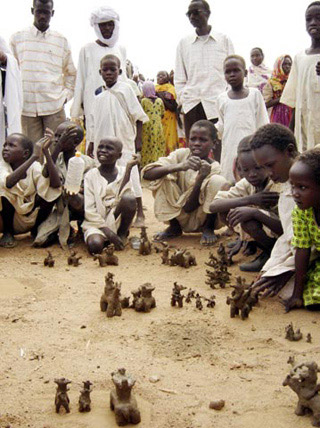 Children from the Sudan crouch on the ground playing with clay figures.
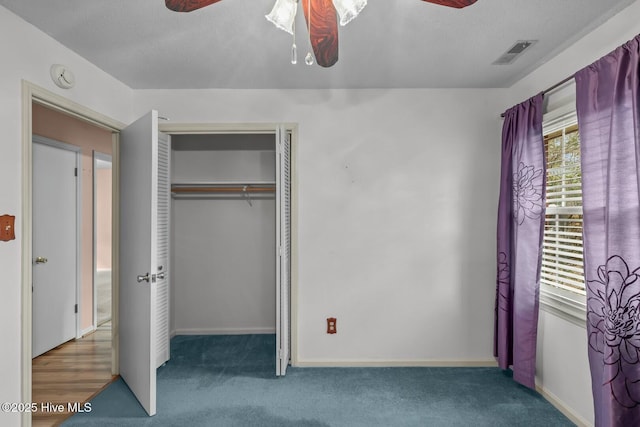 unfurnished bedroom featuring dark colored carpet, a textured ceiling, and a closet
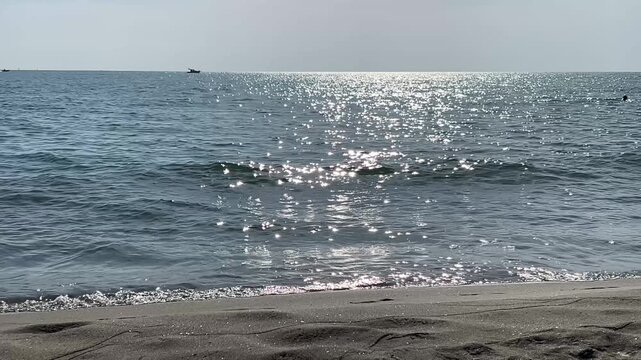 Sun reflection on sparkling sea water background beautiful sunny day at sandy beach.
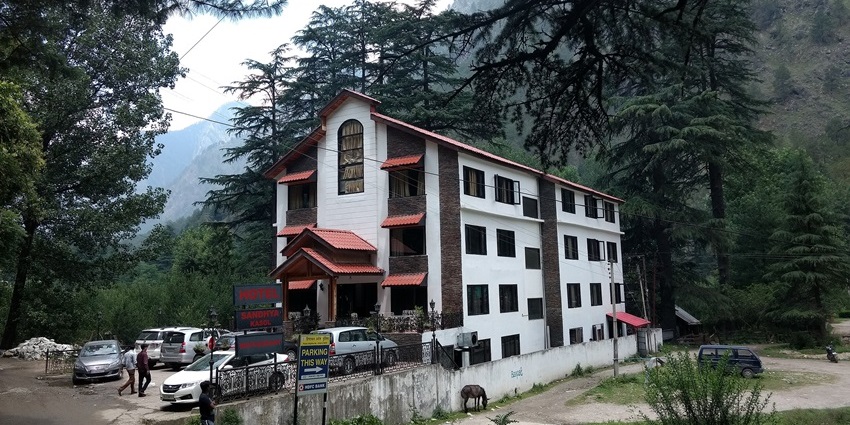 Hotel Sandhya in the Kasol valley is surrounded by tall pine trees and mountain landscape views, showing snowfall in Kasol.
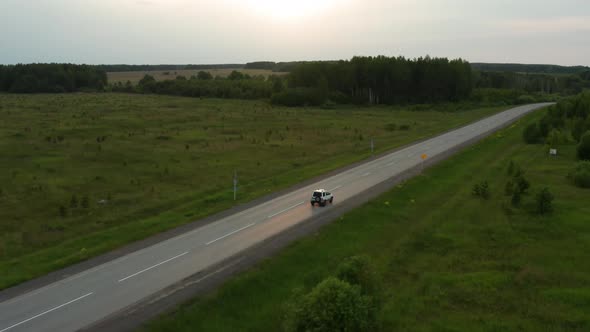 Aerial View of a Car Driving Along the Road Among Fields of Green Grass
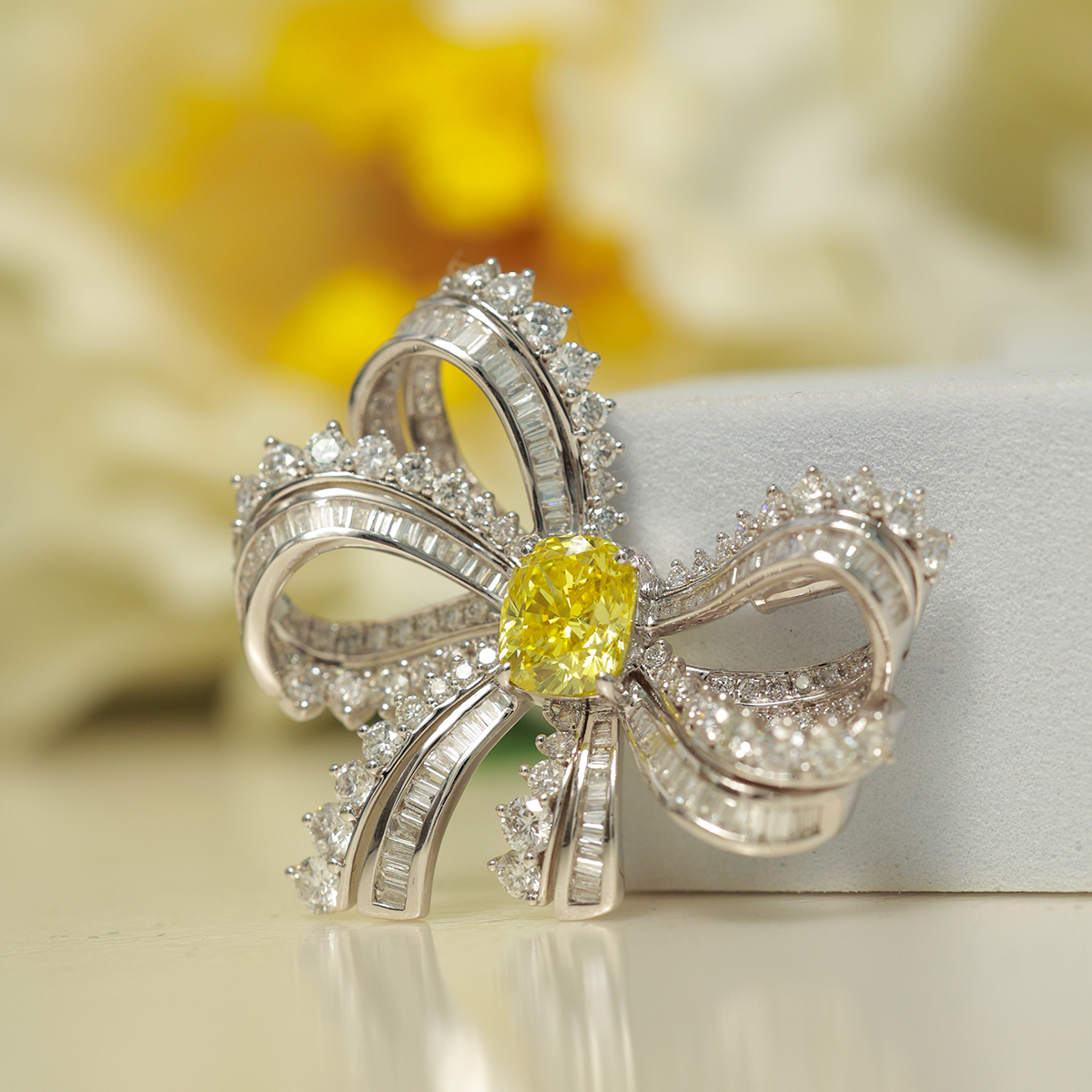 2 Carat Center Stone Yellow Cushion Cut Lab Grown Diamond with White Baguette Diamond Ribbon Bow Brooch (5.2 Ct Tw)-Light Mark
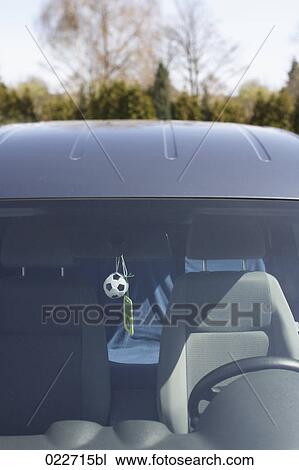 view into car with little toy football and mp3 player hanging on driving mirror View Large Photo Image Stock Image - view into car with little toy football and mp3 player hanging on driving mirror. Fotosearch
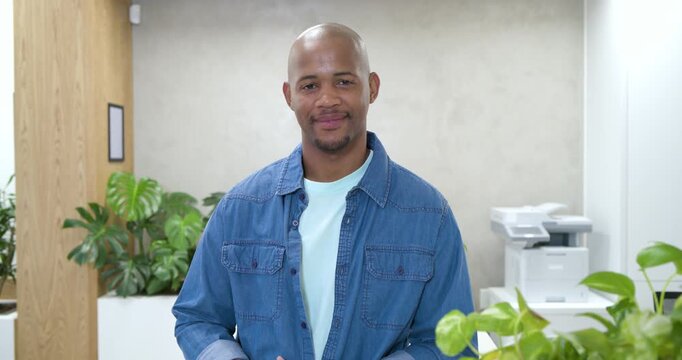 Adult African man shifting hands, leaning in, smiling as camera moving closer in office near plants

════════════════════

■ **Work request**: Write the lines from the one with "Sun reflection on" through the last line of the entries out again exactly, both ends included, and skip the pictures.

■ **Exercise output**:
 Sun reflection on sparkling sea water background beautiful sunny day at sandy beach.
 Hotel Sandhya in the Kasol valley is surrounded by tall pine trees and mountain landscape views, showing snowfall in Kasol.
 Aerial View of a Car Driving Along the Road Among Fields of Green Grass
 2 Carat Center Stone Yellow Cushion Cut Lab Grown Diamond with White Baguette Diamond Ribbon Bow Brooch (5.2 Ct Tw)-Light Mark
 view into car with little toy football and mp3 player hanging on driving mirror View Large Photo Image Stock Image - view into car with little toy football and mp3 player hanging on driving mirror. Fotosearch
 Adult African man shifting hands, leaning in, smiling as camera moving closer in office near plants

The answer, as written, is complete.